In the records, find each line where "ceramic" occurs, and copy it.

Records from a data collection
((
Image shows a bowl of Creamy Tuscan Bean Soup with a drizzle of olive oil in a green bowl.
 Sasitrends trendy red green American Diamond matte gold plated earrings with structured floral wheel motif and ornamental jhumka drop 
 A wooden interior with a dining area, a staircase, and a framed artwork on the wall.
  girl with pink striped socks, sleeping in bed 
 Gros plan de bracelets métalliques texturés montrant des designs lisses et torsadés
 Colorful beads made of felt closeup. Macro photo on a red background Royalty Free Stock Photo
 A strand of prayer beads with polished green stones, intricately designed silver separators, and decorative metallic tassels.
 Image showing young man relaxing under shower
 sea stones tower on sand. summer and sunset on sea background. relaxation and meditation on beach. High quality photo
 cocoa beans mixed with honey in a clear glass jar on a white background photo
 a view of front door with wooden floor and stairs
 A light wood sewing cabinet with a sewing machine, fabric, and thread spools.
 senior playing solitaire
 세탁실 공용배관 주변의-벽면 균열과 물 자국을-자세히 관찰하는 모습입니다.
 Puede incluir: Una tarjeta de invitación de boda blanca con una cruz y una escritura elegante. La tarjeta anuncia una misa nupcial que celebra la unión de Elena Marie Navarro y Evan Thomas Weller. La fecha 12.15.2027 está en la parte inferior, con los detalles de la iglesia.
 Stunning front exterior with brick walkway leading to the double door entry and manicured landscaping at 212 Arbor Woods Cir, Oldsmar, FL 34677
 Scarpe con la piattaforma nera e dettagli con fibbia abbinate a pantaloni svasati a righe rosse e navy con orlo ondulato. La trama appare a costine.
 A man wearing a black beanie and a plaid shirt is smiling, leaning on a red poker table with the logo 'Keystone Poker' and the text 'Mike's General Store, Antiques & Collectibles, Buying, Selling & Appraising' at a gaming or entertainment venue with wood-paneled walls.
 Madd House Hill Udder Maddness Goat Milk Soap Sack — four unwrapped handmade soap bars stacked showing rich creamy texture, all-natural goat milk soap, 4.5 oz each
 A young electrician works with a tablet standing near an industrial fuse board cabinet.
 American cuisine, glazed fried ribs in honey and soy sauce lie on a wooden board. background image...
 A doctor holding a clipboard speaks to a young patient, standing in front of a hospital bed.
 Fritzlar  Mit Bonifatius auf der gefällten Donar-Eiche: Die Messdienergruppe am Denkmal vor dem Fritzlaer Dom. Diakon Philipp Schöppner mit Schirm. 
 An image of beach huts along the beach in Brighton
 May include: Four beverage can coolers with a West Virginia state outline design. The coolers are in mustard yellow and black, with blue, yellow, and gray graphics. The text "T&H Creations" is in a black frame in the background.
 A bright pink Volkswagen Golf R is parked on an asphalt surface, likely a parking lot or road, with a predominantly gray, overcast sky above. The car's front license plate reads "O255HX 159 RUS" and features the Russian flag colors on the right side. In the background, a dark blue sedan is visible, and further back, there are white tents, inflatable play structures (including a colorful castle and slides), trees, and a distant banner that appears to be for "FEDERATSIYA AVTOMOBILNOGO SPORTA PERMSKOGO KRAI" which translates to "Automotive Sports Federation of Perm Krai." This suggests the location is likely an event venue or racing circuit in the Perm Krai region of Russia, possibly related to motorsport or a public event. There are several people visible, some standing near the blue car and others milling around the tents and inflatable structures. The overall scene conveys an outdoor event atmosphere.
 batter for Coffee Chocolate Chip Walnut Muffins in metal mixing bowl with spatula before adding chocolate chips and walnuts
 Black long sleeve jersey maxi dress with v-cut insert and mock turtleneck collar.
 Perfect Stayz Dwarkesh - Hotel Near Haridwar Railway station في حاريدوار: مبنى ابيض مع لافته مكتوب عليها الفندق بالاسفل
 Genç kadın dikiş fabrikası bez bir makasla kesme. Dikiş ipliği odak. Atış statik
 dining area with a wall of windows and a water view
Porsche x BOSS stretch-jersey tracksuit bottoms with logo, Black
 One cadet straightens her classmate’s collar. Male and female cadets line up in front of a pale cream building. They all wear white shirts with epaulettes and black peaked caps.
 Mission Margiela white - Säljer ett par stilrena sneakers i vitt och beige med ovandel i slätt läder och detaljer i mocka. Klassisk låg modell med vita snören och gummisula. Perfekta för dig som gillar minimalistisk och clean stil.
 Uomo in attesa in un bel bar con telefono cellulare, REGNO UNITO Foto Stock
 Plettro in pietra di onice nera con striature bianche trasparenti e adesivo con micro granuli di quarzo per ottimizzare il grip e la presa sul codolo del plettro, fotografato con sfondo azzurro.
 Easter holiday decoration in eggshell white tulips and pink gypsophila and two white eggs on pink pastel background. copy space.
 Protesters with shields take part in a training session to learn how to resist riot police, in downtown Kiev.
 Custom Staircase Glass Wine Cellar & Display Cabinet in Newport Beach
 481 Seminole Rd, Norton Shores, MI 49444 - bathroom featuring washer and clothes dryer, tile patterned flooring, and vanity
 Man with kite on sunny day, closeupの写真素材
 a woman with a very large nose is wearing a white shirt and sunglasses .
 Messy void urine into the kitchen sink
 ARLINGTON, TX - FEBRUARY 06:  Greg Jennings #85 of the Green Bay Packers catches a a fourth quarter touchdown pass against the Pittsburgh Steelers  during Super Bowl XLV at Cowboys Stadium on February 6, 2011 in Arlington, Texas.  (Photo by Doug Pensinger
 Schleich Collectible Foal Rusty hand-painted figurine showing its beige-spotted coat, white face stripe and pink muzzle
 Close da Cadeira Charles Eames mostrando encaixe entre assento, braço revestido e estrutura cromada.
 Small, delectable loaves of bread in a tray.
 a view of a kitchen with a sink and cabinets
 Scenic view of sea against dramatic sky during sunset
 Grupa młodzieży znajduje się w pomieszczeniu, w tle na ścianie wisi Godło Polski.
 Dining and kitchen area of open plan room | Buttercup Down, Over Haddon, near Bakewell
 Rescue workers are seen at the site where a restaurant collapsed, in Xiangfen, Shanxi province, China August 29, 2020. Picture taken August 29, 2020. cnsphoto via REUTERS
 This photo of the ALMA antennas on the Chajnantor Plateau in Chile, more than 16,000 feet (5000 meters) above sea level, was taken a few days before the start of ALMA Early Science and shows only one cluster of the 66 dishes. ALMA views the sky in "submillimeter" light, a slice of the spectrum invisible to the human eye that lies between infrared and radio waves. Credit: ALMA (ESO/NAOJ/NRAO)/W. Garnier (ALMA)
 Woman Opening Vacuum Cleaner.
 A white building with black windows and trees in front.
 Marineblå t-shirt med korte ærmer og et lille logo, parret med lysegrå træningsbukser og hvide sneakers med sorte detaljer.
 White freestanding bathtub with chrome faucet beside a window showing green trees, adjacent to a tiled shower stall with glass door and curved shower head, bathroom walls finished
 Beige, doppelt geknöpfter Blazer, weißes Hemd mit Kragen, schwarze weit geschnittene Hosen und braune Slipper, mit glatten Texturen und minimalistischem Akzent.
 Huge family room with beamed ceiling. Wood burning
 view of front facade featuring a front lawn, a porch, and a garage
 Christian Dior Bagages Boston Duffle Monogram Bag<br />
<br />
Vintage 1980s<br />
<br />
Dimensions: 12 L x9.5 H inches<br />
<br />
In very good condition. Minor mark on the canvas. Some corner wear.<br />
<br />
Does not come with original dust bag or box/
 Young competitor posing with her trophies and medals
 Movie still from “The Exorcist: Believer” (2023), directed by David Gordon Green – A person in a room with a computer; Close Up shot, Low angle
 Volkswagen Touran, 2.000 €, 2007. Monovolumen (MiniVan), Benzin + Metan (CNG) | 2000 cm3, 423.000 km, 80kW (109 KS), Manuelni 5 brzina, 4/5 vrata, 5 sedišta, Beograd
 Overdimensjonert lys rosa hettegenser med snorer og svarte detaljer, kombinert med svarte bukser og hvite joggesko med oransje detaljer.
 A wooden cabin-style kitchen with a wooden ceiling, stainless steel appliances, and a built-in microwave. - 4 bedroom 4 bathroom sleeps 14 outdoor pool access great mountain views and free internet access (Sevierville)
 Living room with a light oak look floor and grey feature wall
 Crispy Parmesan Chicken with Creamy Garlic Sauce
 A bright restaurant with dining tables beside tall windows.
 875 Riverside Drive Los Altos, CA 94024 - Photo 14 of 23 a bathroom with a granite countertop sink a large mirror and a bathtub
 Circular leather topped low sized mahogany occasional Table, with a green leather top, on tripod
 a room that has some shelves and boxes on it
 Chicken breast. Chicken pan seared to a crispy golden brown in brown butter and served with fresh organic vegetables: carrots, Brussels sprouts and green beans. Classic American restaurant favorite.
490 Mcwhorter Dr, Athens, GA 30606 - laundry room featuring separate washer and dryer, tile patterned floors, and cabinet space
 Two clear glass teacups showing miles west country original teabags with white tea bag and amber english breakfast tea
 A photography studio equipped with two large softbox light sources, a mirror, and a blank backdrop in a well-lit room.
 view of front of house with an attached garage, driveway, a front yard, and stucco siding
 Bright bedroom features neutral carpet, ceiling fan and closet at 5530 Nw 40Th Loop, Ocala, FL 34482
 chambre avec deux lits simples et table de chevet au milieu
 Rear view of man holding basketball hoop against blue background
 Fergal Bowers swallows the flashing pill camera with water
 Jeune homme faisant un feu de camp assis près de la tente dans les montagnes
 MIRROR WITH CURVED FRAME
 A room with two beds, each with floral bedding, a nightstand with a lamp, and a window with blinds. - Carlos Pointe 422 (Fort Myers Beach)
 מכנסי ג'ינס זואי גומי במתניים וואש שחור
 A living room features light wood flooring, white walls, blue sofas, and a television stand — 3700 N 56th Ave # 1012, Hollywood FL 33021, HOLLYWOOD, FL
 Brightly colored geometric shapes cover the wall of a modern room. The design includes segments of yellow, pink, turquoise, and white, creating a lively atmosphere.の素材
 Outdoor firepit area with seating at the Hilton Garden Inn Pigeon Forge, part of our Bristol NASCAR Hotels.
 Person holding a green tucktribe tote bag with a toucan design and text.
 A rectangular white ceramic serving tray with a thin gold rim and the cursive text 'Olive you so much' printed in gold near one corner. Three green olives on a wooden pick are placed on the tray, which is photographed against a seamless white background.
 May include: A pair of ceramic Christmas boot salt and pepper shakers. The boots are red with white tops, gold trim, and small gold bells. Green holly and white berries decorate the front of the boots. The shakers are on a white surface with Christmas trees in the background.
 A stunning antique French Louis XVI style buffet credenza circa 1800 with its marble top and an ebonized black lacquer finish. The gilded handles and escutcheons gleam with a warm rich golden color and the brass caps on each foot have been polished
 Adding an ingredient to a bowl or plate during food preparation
))
**Result:**
 A rectangular white ceramic serving tray with a thin gold rim and the cursive text 'Olive you so much' printed in gold near one corner. Three green olives on a wooden pick are placed on the tray, which is photographed against a seamless white background.
 May include: A pair of ceramic Christmas boot salt and pepper shakers. The boots are red with white tops, gold trim, and small gold bells. Green holly and white berries decorate the front of the boots. The shakers are on a white surface with Christmas trees in the background.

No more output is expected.